As Bruegel the Elder recognized in 1557, “big fish eat little fish”. Determining exactly what eats what remains a fundamental question in modern ecology and this task is particularly challenging for biologists studying small organisms, which make up the bulk of the biomass in ecosystems. To add interest, a number of these tiny creatures with unknown diets are medically and/or economically important disease vectors.

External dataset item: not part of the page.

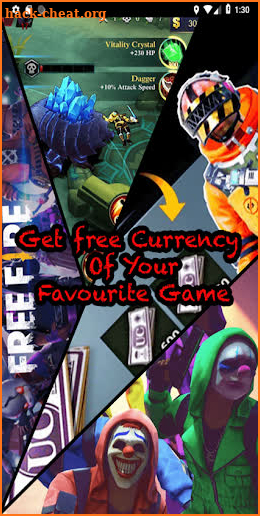 Gamers Credit : Free Diamond,UC and CP Credits screenshot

In Mol Ecol Resources May 2008 researchers from University of California, Irvine, Kenya Medical Research Insitute, and Kanazawa University, Japan, apply DNA analysis identify gut contents of larval Anopheles gambiae complex mosquitoes, the major malaria vector in Africa.
Authors Garros, Ngugi, Githeko, Tuno, and Yan collected anopheline larva near Kisumu in western Kenya, dissected stomach contents of third and fourth instar forms, extracted DNA, and amplified an 800 bp fragment of nuclear 18s rRNA. A separate PCR assay was used to confirm species identity (five were A. gambiae s.s. and 68 were sister species A. arabiensis). According to authors, 18s rRNA was analyzed rather than COI because “more sequences are available [for 18s than for COI] in databases for plants, fungi, and protists”. I note there are now many research groups working on “plants, fungi, and protists” so it should be possible to achieve greater resolution in this sort of study as the DNA barcode libraries are built up.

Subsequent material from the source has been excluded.